Doch der Skandal weitet sich auch in seiner Heimat aus: Die Autorin Tristane Banon erwägt nach Aussage ihres Anwalts David Koubbi eine Anzeige wegen sexueller Belästigung. Der Zwischenfall habe sich 2002 ereignet. Nach französischem Recht verjähren versuchte Vergewaltigungen erst nach zehn Jahren. Banon habe bislang auf eine Anzeige verzichtet, weil Druck auf sie ausgeübt worden sei. Auch ihre Mutter, eine Regionalpolitikerin der Sozialistischen Partei, habe ihr davon abgeraten.
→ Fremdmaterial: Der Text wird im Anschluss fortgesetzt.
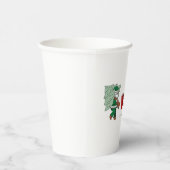 クリスマスドリンクコーヒーとサンタクロース賛美 紙コップ (右)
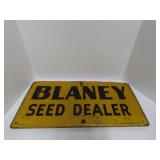 Blaney Seed Dealer Farm metal sign.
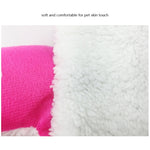 Strawberry Shaped Foldable Short Plush Pet House Nest, Size: M, Blue, Size M, Purple, Size M, Red, Size M, Pink, Size M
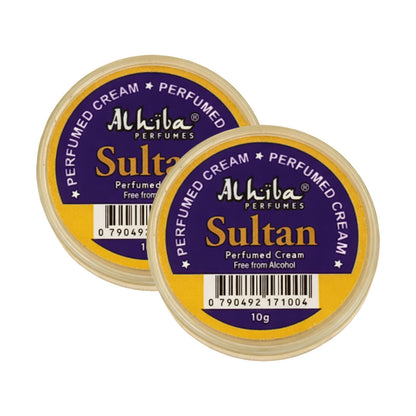 Alhiba Sultan Perfume Body Cream 10g Pack of 2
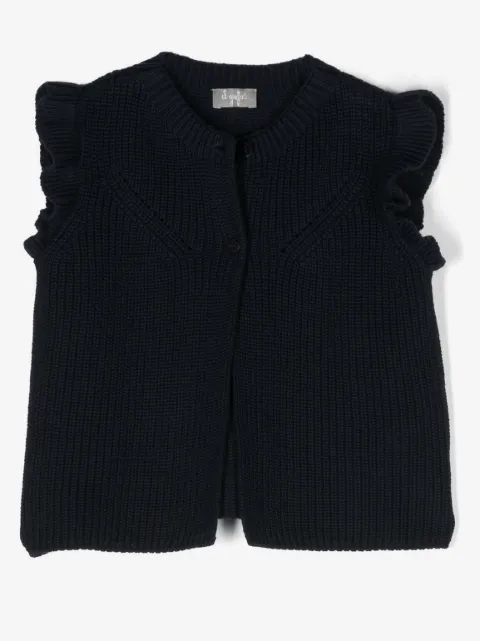 Il Gufo sleeveless knitted cardigan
Debatte um Nachfolge an IWF-Spitze
Noch während des juristischen Tauziehens um Strauss-Kahn entbrannte eine Diskussion über seine Nachfolge an der Spitze des Internationalen Währungsfonds. Bundeskanzlerin Angela Merkel sprach sich wegen der Schuldenkrise für einen Europäer als Chef der mächtigen Finanzinstitution aus, sollte ein Führungswechsel notwendig werden. "Wir wissen, dass auf mittlere Zeiträume sicherlich die Schwellenländer auch Anspruch haben – sowohl auf den Posten des IWF-Chefs als auch auf den Posten des Weltbank-Chefs", sagte Merkel. Es gebe in der jetzigen Phase aber gute Gründe, dass Europa auch gute Kandidaten zur Verfügung habe. Als mögliche Kandidatin gilt die französische Finanzministerin Christine Lagarde.
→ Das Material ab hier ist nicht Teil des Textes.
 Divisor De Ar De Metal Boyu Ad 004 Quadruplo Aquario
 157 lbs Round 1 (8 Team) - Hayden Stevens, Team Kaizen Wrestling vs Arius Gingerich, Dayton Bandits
Das Ratsmitglied der Europäischen Zentralbank Ewald Nowotny verlangte eine baldige Entscheidung in der IWF-Führungsfrage. "Es ist im Interesse aller zu hoffen, dass es rasch eine klare Lösung gibt", sagte der Österreicher. Der IWF müsse handlungsfähig bleiben. Der Eurokurs war zu Wochenbeginn auf den tiefsten Stand seit sieben Wochen gefallen, weil Investoren durch die Festnahme des IWF-Chefs Verzögerungen bei Hilfen für Griechenland und andere hoch verschuldete Eurostaaten befürchten. Die EU-Kommission versuchte, die Sorge vor einer Zuspitzung der Schuldenkrise durch die Festnahme Strauss-Kahns zu dämpfen. "Ich möchte der Öffentlichkeit, den Märkten und den Medien versichern: Bereits getroffene Entscheidungen werden nicht beeinträchtigt", sagte Kommissionssprecher Amadeu Altafaj in Brüssel.